Polykey
Polykey copied to clipboard
Apply bin packing algorithms to the setup of our parallel CI/CD test runners
Specification
We want to introduce test load balancing to better parallelise and speed up our CI/CD tests. Part of this task is determining the most efficient number of shards to use, since we want to have the lowest number of parallel runners with the highest rate test completion. Such a task falls under the scope of a bin packing problem, which is NP-hard, however there are approximations we can use to make the problem easier.
On top of simply choosing the best number of shards to use, we want the shards themselves to be evenly balanced so that every test runner finishes at approximately the same time. We can use cached timing information from previous test runs to help to make this decision.
Additional context
- https://github.com/MatrixAI/TypeScript-Demo-Lib/pull/65#issuecomment-1168078968 - Summary of Jest's default sharding/sorting algorithm, along with comparisons with existing solutions
- https://github.com/kamilkisiela/split-tests - Very simple algorithm for keeping shards approximately the same size (no calculation for the most efficient number of shards though)
- https://github.com/MatrixAI/js-polykey/issues/392 - Issue for introducing test load balancing to PK
Tasks
- ...
- ...
- ...
To do this, a custom test sequencer that overrides the shard
method would need to be used. This experimented with prior in https://github.com/MatrixAI/TypeScript-Demo-Lib/pull/65
Doesn't seem relevant anymore, testing is pretty quick now by spreading the workload between Polykey and Polykey-CLI.

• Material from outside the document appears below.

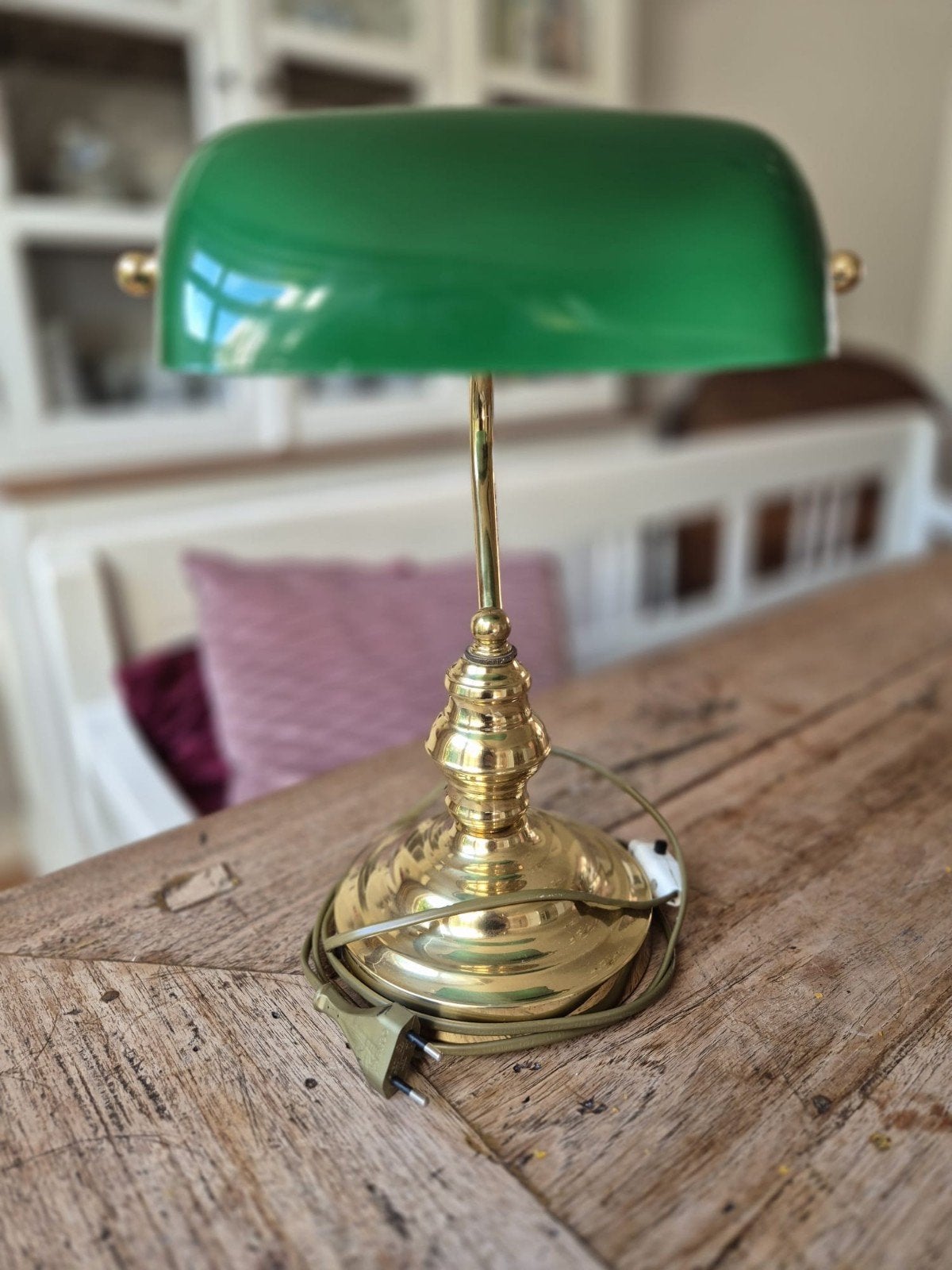 Mooie groene notarislamp / bankierslamp, Gebruikt, Groen, Glas, Bankierslamp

The sharding system is still being used (even in the migration to GitHub in https://github.com/MatrixAI/Orchestrator/issues/10), as can be seen by:
scripts/build-platforms-generate.sh
10:# Using shards to optimise tests
14:# Number of parallel shards to split the test suite into
136: - npm test -- --ci --coverage --shard="$CI_NODE_INDEX/$CI_NODE_TOTAL" --maxWorkers=50%
164: - npm test -- --ci --coverage --shard="$CI_NODE_INDEX/$CI_NODE_TOTAL" --maxWorkers=50%
However it's just relying on whatever jest's default sharing allocation algorithm is.